For that there was then and there is now no moral justification. And if the Trump apologists want to excuse
his misogynistic behavior and his low treatment of women by recalling Jackson’s
slaveholding so be it. It makes them both morally flawed individuals but one of
the two is living now in the 21st century and there is no excuse that the
culture allows it.
There
is so much more that Andrew Jackson as President accomplished. He instituted
national political conventions to replace Congressmen nominating Presidential
and Vice Presidential candidates. He
fired cabinet members when they wouldn’t follow the administration policy and
defended those whom his critics excoriated.

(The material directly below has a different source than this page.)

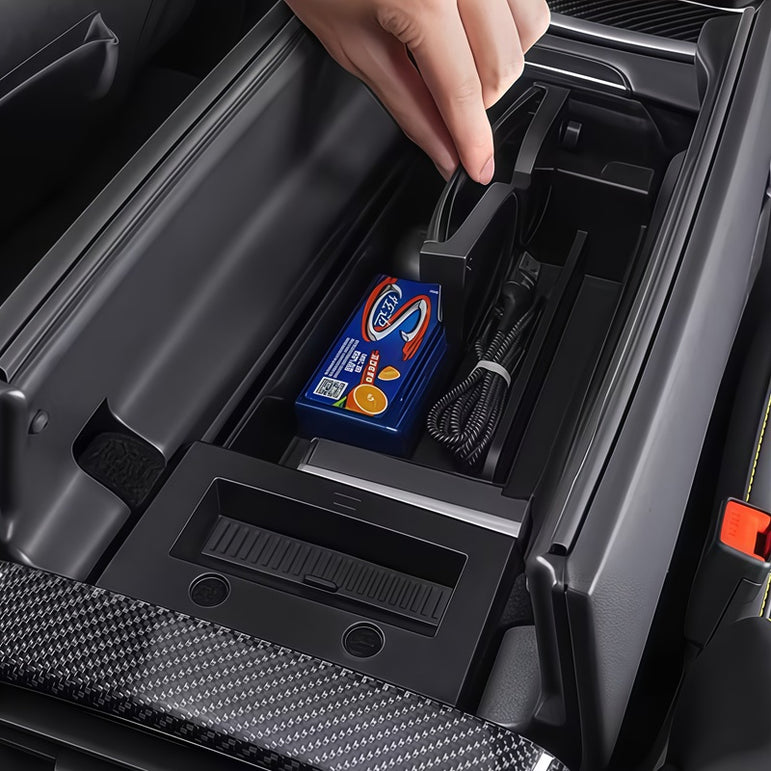 Center Console Organizer Tray for XIAOMI SU 7 ULTRA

After he served two terms and
rejected any third attempt he retired to his plantation outside Nashville and
for ten years remained a force in American political life. He was responsible for the election of two
Presidents: Van Buren and Polk; and, undoubtedly a major player in the decade's
long effort to join Texas to the American union. He is considered the founder
of the still existent Democratic Party and his campaign of 1828 considered the
first modern voter oriented national campaign.
In
conclusion may I borrow from a bon mot that made the rounds among intellectuals
and political wags in France in the 1960's about their then President and offer
this --- I do not think that Donald J Trump thinks he is the reincarnation of
Andrew Jackson. But, as he sits at his
desk in the oval office, with the picture of President Jackson looking down at
him from the left, I do believe that President Trump may just for a moment think
that Andrew Jackson may have thought he was Donald Trump.